**THE TASK**
In the entries that follow, find the line containing "Top Trends: 22" and the line containing "Image 1 of Vintage", then copy exactly everything from the first through the second except the pictures.

**RECORDS FOR PROCESSING**
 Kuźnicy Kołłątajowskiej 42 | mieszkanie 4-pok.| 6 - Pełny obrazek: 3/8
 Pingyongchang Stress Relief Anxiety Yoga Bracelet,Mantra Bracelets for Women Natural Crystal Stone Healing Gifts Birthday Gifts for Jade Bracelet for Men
...
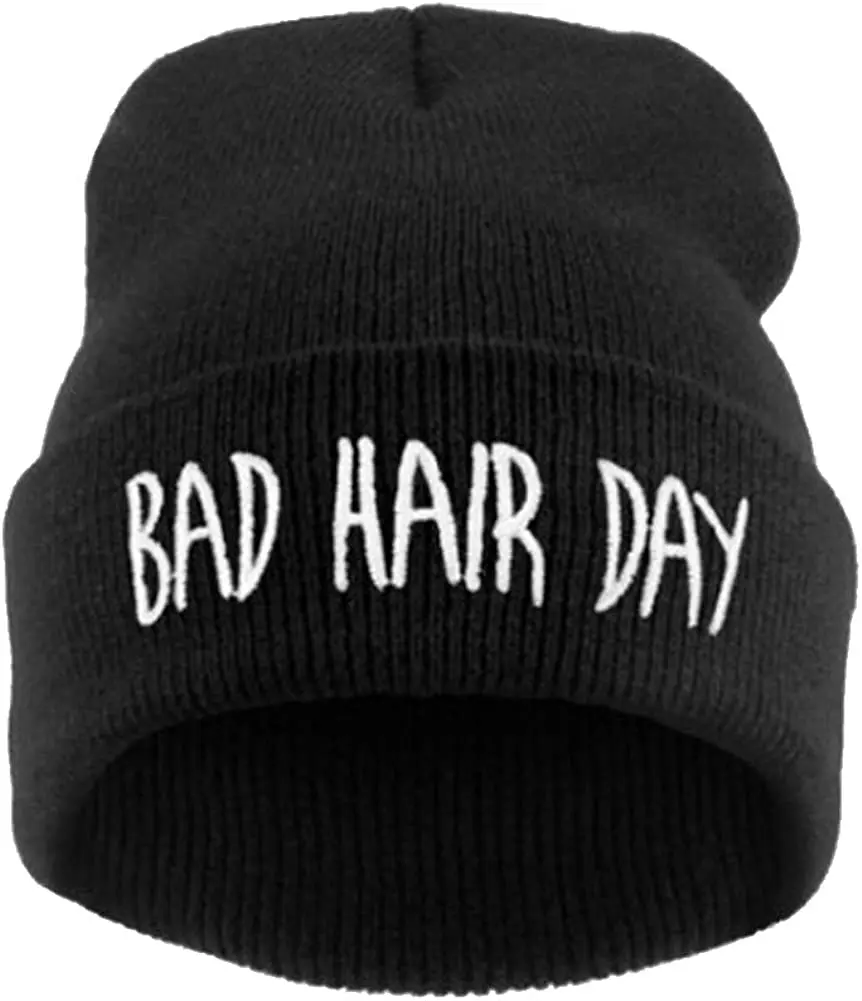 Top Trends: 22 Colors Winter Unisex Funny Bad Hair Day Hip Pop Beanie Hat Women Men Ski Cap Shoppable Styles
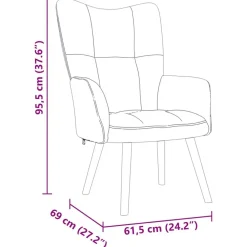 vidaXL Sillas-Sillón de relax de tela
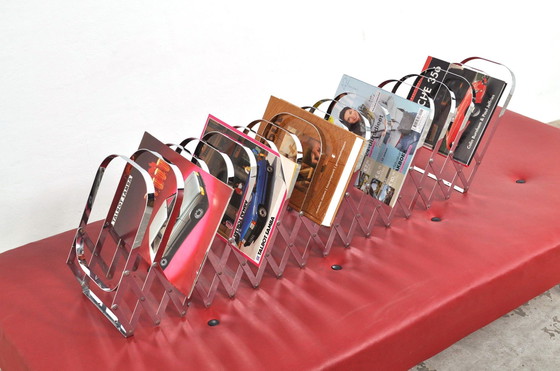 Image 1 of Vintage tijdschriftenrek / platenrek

**TASK ANSWER**
 Top Trends: 22 Colors Winter Unisex Funny Bad Hair Day Hip Pop Beanie Hat Women Men Ski Cap Shoppable Styles
 vidaXL Sillas-Sillón de relax de tela
 Image 1 of Vintage tijdschriftenrek / platenrek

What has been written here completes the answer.